THE DISPATCH

It’s almost the end of the month. Money is running out.

I have one client. I need another. The last one just vanished. Gone. The son of a bitch. Could I say anything? Of course not. I was just the middleman. No direct contact with the end client. It was comfortable. They paid well. Today it doesn't exist anymore. And this leaves me with a gap that's more economic than sentimental: because that income gave my life the breathing room I needed.

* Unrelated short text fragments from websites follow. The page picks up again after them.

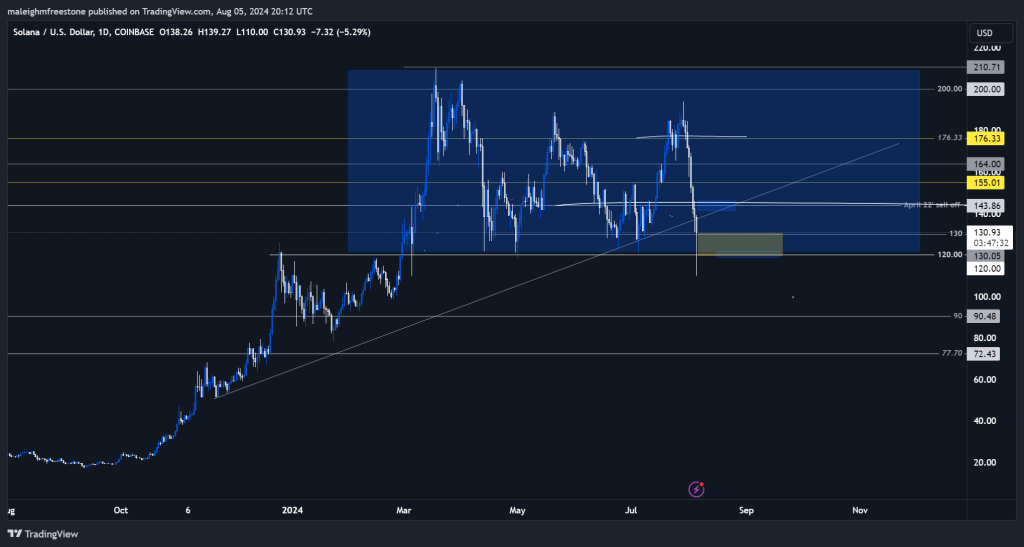 alignnone wp-image-297682 size-large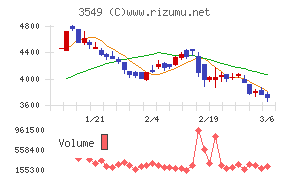 クスリのアオキホールディングス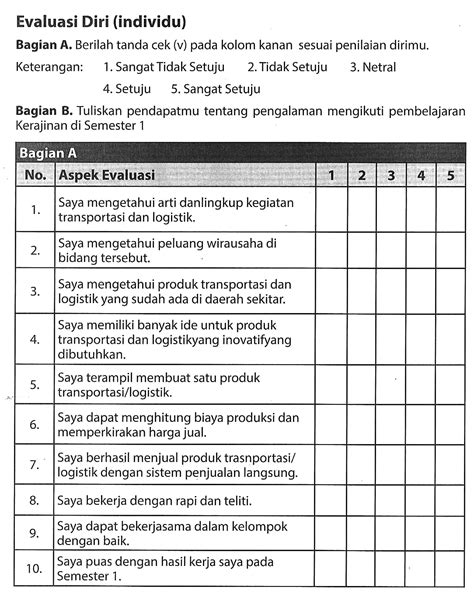 Cara Melakukan Evaluasi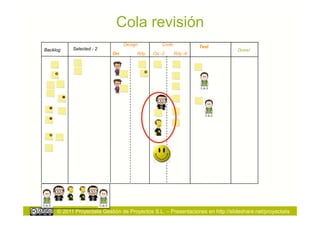 Cola revisión
                                 Design          Code
           Selected - 2                                          Test
Backlog                                                                          Done!
                            On        Rdy    On -2      Rdy -6




     © 2011 Proyectalis Gestión de Proyectos S.L. – Presentaciones en http://slideshare.net/proyectalis
 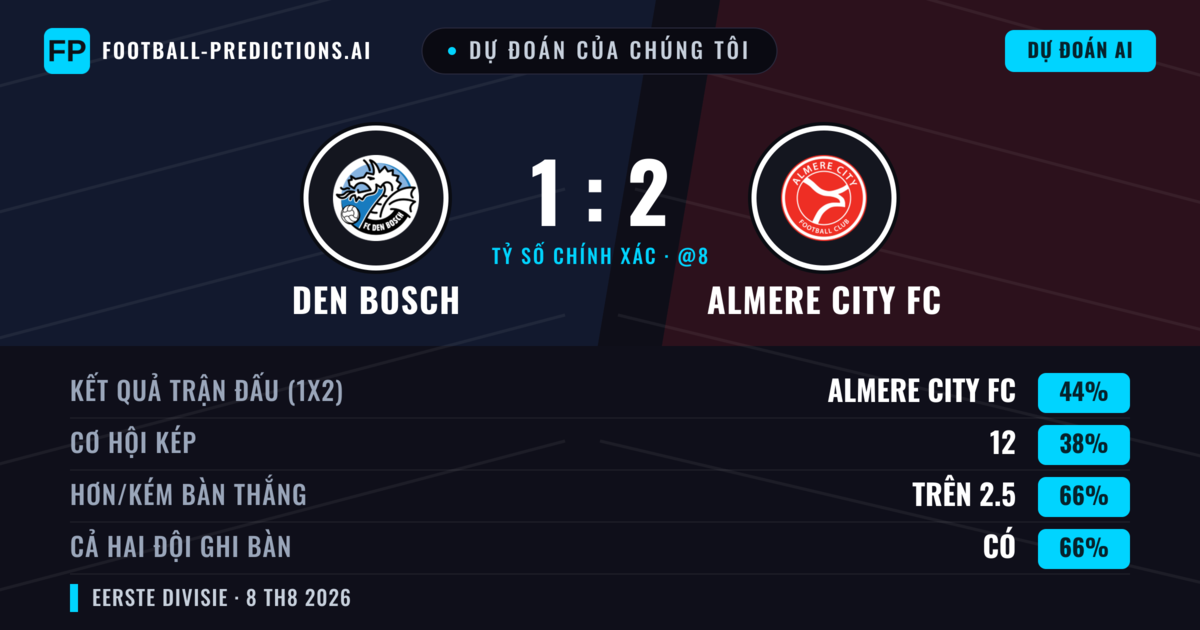 Dự đoán của chúng tôi: Den Bosch vs Almere City FC — Almere City FC — Thắng (45%); Hơn 2.5; Cả hai ghi bàn: Có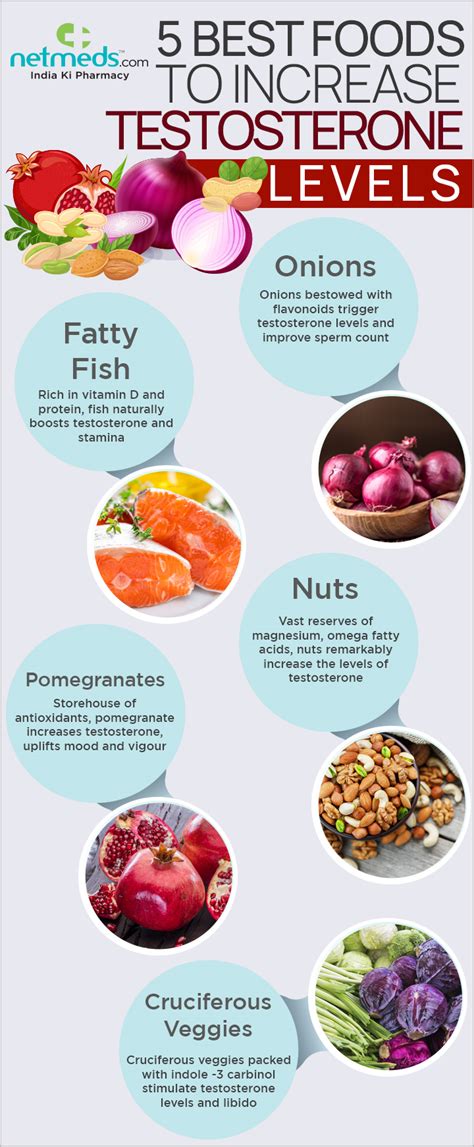 5 Astonishing Power Foods To Boost Testosterone Levels Infographic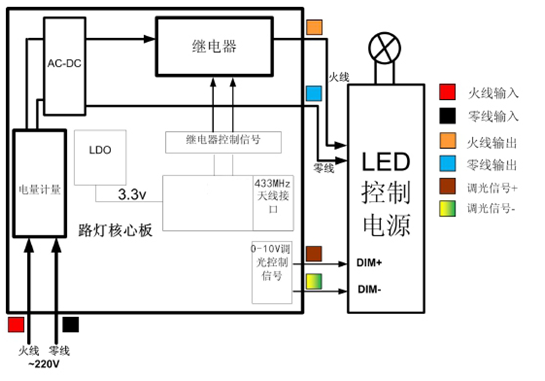 路灯核心板系统设计原理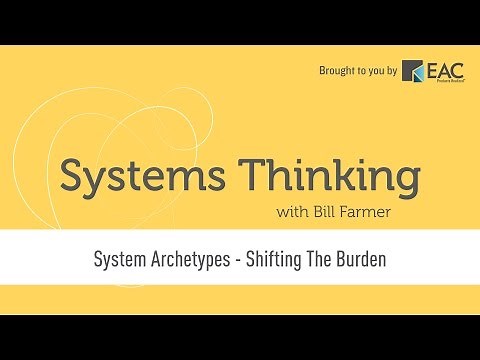 Systems Thinking - System Archetypes - Shifting the Burden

So here I am. Scared and excited. Because maybe this is just another one of my failures, or maybe it’s the thing that finally makes me shine. I’ve spent weeks sending applications on LinkedIn, applying to jobs, trying to find something fun to do with my life. Unfortunately, years of ghostwriting left me with a full portfolio and zero reputation. Everything I wrote has someone else’s name on it. They paid for my work. They stole my intellect.

What’s the plan? Simple. Make money on the internet. Build my reputation as a writer and unleash every skill I have. I’ll lean on AI — Claude, ChatGPT, Midjourney, whatever works — wherever it’s needed. But not for the writing. That’s the one thing I love most, dear reader, and I won’t give that part of me away.

But this won’t just be about me (I’m not that handsome. Or am I?). It’ll be about you, too. I’ll test AI tools so you know which ones are worth your time. I’ll reverse-engineer how real startups grow and hand you the frameworks. I’ll talk to founders and ask the questions nobody asks. I’ll find what’s new before it’s trending so you can move first. Think of me as your private — and annoyingly honest — writer, researcher, and startup scout.

You’re joining from the very beginning: how something like this gets built, how it makes money, how it survives, how ideas are born. You’ll watch me fail and you’ll watch me win. An honest and entertaining ride. Because I’m also done writing for other people. They ask for boring articles with generic writing. And I am not that.

THE TOOL: Claude

This month, every day, since morning, Claude has been by my side. That bastard is smart and honest. Always available and — unlike ChatGPT — not a kiss-ass. Exactly what I needed right now.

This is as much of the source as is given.